> [Material provided]
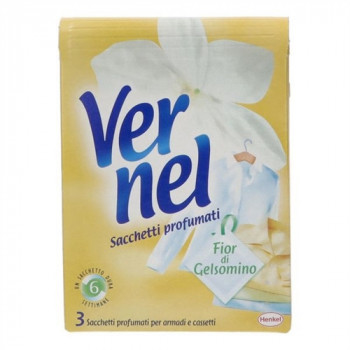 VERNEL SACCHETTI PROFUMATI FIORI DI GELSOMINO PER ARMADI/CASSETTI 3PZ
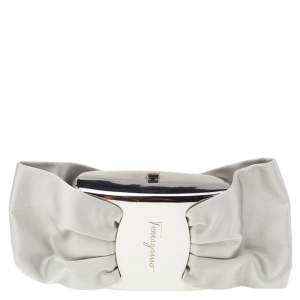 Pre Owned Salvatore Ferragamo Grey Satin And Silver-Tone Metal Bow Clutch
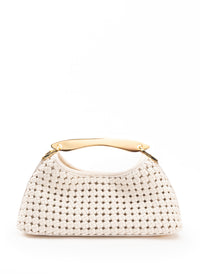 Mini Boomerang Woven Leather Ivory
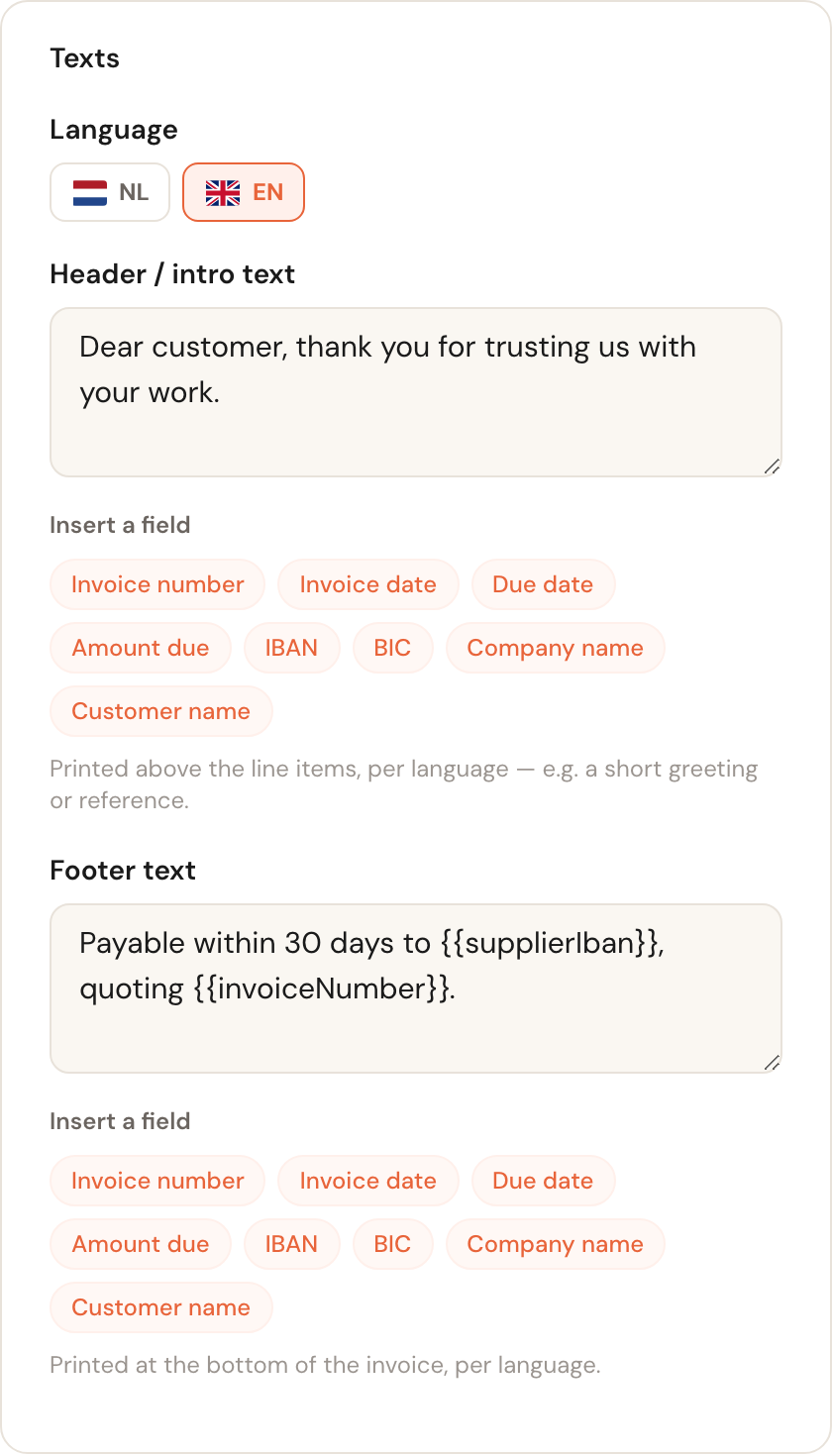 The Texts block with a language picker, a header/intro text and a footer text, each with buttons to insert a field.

> [Task details] Output the full material exactly as given, without its pictures.

> [The completed task]
 VERNEL SACCHETTI PROFUMATI FIORI DI GELSOMINO PER ARMADI/CASSETTI 3PZ
 Pre Owned Salvatore Ferragamo Grey Satin And Silver-Tone Metal Bow Clutch
 Mini Boomerang Woven Leather Ivory
 The Texts block with a language picker, a header/intro text and a footer text, each with buttons to insert a field.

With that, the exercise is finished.